The chromatic number of the cycle graph $C_n$ is $2$ if $n$ is even and $3$ if $n$ is odd. A proof attempt

Question

The following theorem is well known. However, I am trying to get better at proofs in graph theory, so I use every opportunity to practice. I would be very happy about verifications and/or any improvements.

Theorem: The chromatic number $\chi$ of the cycle graph $C_n$ is $2$ if $n$ is even, and $3$ if $n$ is odd.

Proof: We set $C_n=P+v_{n-1}v_0$ with $P=v_0v_1v_2\cdots v_{n-1}$ being a path. For a simple graph with at least one edge, $\chi$ is at least $2$. Since a path is a non-empty graph, whereby all its vertices are distinct and linked by edges, we can find a valid colouring for $P$ by alternating two colors, say $1$ and $2$. Starting with $v_0$, we colour vertices with an even index with $1$ and vertices with an odd index with $2$. For $v_{n-1}$ we have two options. If $n$ is even, $n-1$ is odd, hence $v_{n-1}$ is coloured with $2$. If $n$ is odd, $n-1$ is even, hence $v_{n-1}$ is coloured with $1$. But in $C_n$, $v_{n-1}$ is adjacent to $v_0$, which is also coloured with $1$. Hence, the colouring is not valid. Therefore, if $n$ is odd, we need $3$ colours.

Answer 1

The chromatic number, like many other graph parameters, is the solution to an optimization problem, which means you need to get into the habit of giving two proofs for every value you compute: an upper bound (a coloring) and a lower bound (an argument for why you can't do better).

In your solution:

1. Most of your proof is an argument for why $\chi(C_{2k}) \le 2$: that we can color an even cycle with two colors. I'd emphasize a bit more that for every edge $v_iv_{i+1}$, as well as for the final edge, the two endpoints receive different colors when you do this. That's why we alternate, and that's the thing we need to check to know the coloring is proper.
2. You are careful to show that $\chi(C_{2k}) > 1$: that one color is not enough, because we have an edge. This is good!
3. As the comments already mention, you need to argue that $\chi(C_{2k+1}) \le 3$: that we can color an odd cycle with three colors.
4. You do try to show that $\chi(C_{2k+1}) > 2$, but I'm not entirely satisfied with your proof, and this is possibly because you're trying to do it at the same time as you're doing step 1. It would go better if you kept these two distinct steps separate.

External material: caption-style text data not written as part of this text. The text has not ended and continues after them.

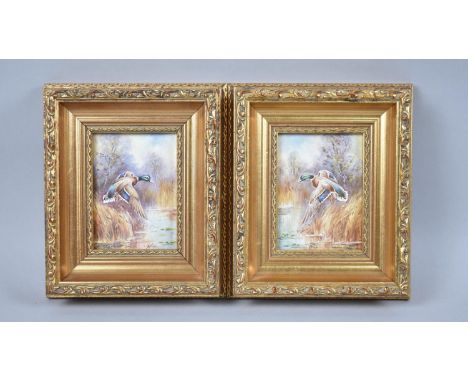 A Pair of Miniature Gilt Framed Miniature Painted Plaques by R Poole, Painter for Royal Worcester Factory, 9cms by 6.5cms 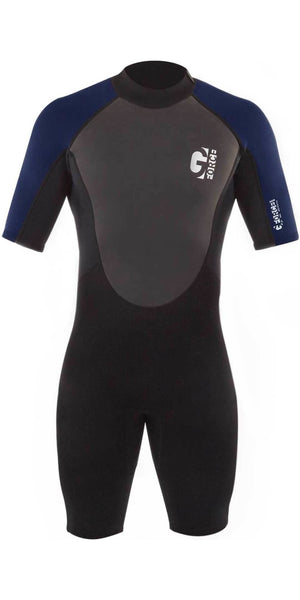 Gul Mens G-Force 3mm Back Zip Shorty Wetsuit - Black Navy - Easy Stretch - 80% D-Flex panels for durability
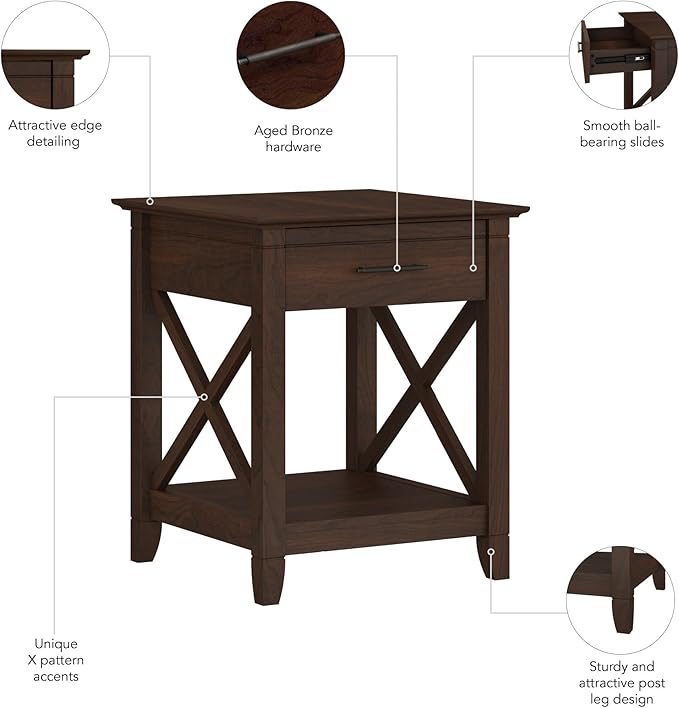 Bush Furniture Key West Nightstand with Drawer, Bing Cherry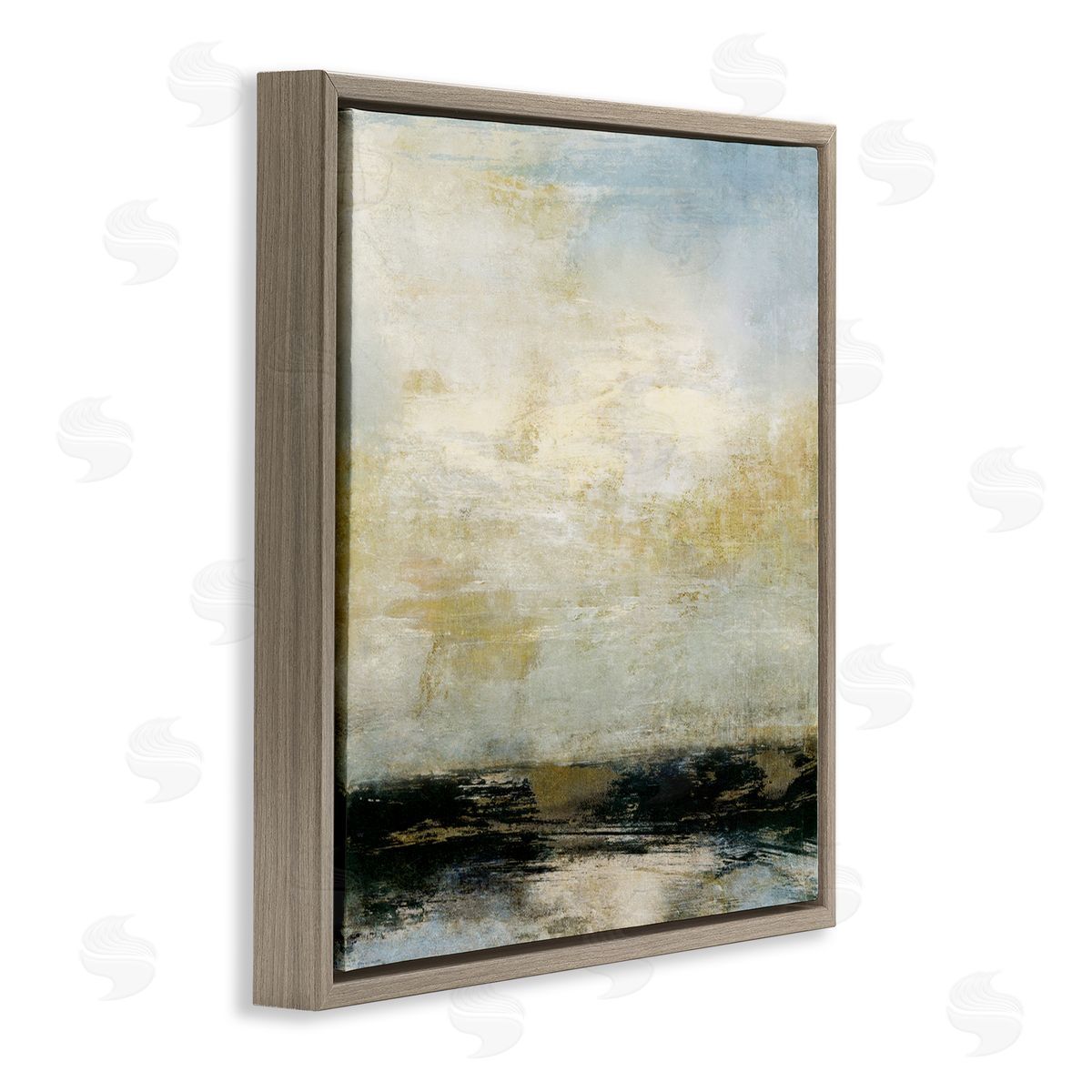 Abstract Paint Streak Landscape Brown Floating Frame Canvas Wall Art, Home Decor by Suzanne Nicoll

Regarding your proof that $\chi(C_{2k+1}) > 2$: it is important to say that no matter how you try to color $C_{2k+1}$ with two colors, you'll fail. Your proof reads a lot more like saying "if you try to color $C_{2k+1}$ in the same way that we tried to color $C_{2k}$, you'll fail". That's bad logic - what if there's a different approach that does work?

The missing piece is subtle, and since the problem is easy I feel bad for criticizing you, but getting into good habits is important. Your proof would be fixed if you noted that the coloring where we alternate colors $1$ and $2$ is essentially the only way to try to color a cycle with two colors. (More precisely, there's two colorings, depending on if $v_0$ gets color $1$ or color $2$, and the argument is identical for both.)

Once we know that this coloring strategy is the only way to proceed, if we show that it fails for the odd cycle, this implies that two colors are not enough.